Oleh: Ricco Andreas (Dosen Fakultas Hukum Universitas Sriwijaya)
Kemerdekaan yang Belum Tuntas di Atas Tanahnya Sendiri
Menjelang 80 tahun kemerdekaan, kita patut bertanya: sudahkah rakyat benar-benar merdeka di atas tanahnya sendiri, Tanah adalah sumber kehidupan, identitas, dan kedaulatan bangsa. Pasal 33 ayat (3) UUD 1945 menegaskan bahwa bumi, air, dan kekayaan alam dikuasai negara untuk kemakmuran rakyat. Hak Menguasai Negara (HMN) semestinya menjadi mandat publik, bukan kepemilikan mutlak. Namun, delapan dekade setelah proklamasi, mandat ini sering diselewengkan. Negara kerap memfasilitasi konsesi besar bagi korporasi, menggusur masyarakat adat, dan mengulang pola penguasaan tanah ala kolonial.
Apakah kita benar-benar telah menuntaskan agenda “dekolonialisasi agrarian” atau justru mengalami kemunduran? Dekolonialisasi agraria berarti membongkar struktur penguasaan tanah warisan kolonial yang timpang dan eksploitatif serta menggantinya dengan sistem yang adil dan berpihak pada rakyat. UUPA 1960 lahir untuk menghapus dualisme hukum tanah kolonial, menjamin tanah untuk rakyat, dan mengakui hak ulayat.
Namun, implementasinya inkonsisten. Di era Orde Baru, HMN menjadi alat untuk membagi jutaan hektare tanah kepada perkebunan, pertambangan, dan kehutanan skala besar. Era reformasi membawa agenda “reforma agrarian”, tetapi pelaksanaannya sering tersendat oleh kepentingan investasi. Akibatnya, yang terjadi bukanlah dekolonialisasi sejati, melainkan rekolonialisasi terselubung: tanah rakyat menjadi komoditas investasi, tanah adat diklaim sebagai kawasan hutan negara, dan masyarakat lokal kehilangan kontrol atas ruang hidupnya.

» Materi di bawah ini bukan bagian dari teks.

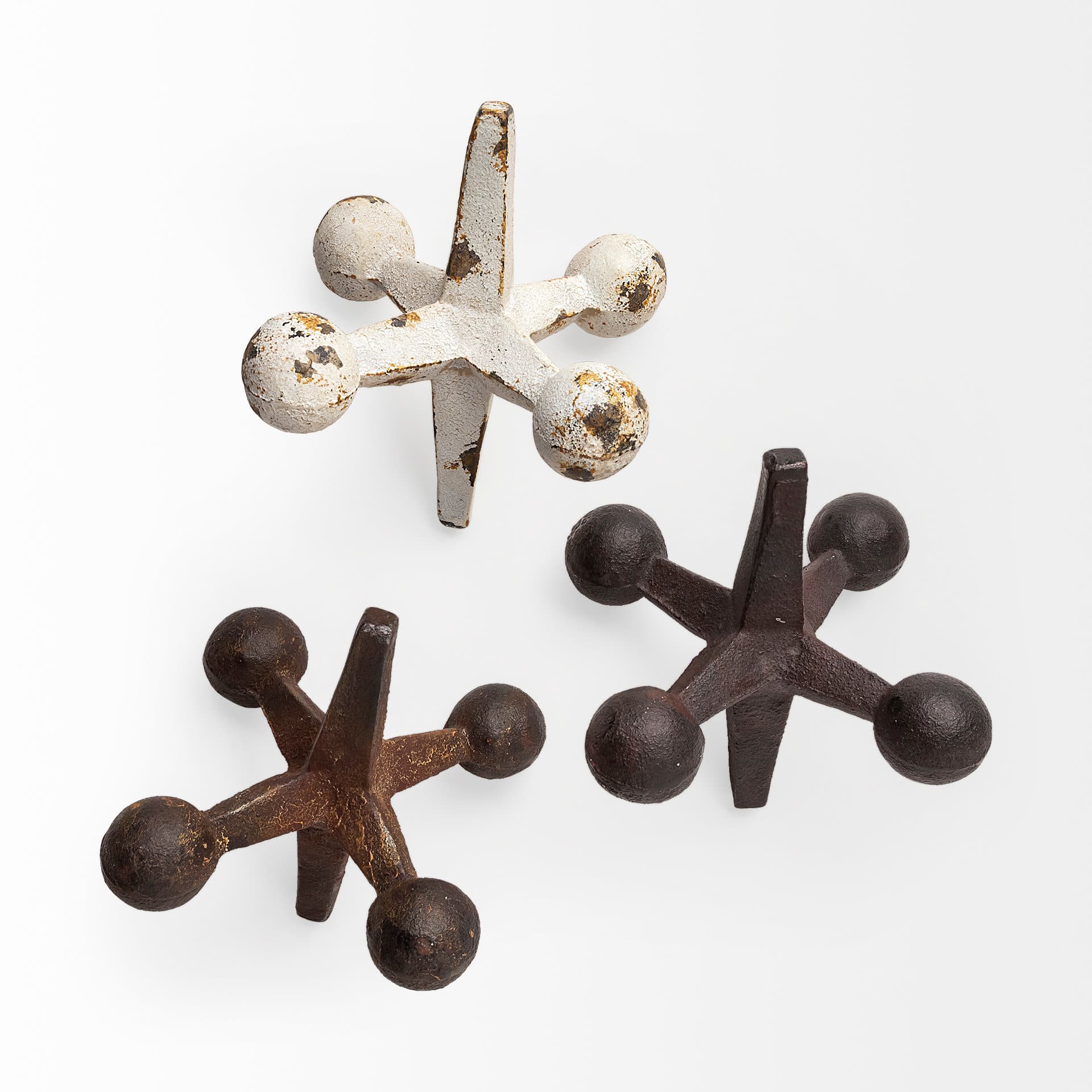 Jax Set of 3 8L x 7W Cast Iron Metal Jacks — product photograph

Dekolonialisasi Agraria: Janji yang Tertunda
Dekolonialisasi di bidang agraria seharusnya dimaknai sebagai upaya sistematis untuk memutus warisan ketimpangan struktur penguasaan tanah yang diciptakan kolonialisme. Pada masa penjajahan, hukum agraria kolonial seperti “Agrarische Wet” 1870 mengatur kepemilikan dan penguasaan tanah untuk kepentingan ekonomi kolonial, khususnya melalui sistem konsesi jangka panjang bagi perkebunan swasta Eropa. Hal ini meninggalkan warisan ketimpangan: tanah luas dikuasai segelintir elit, sementara rakyat kecil terdesak ke lahan-lahan marginal.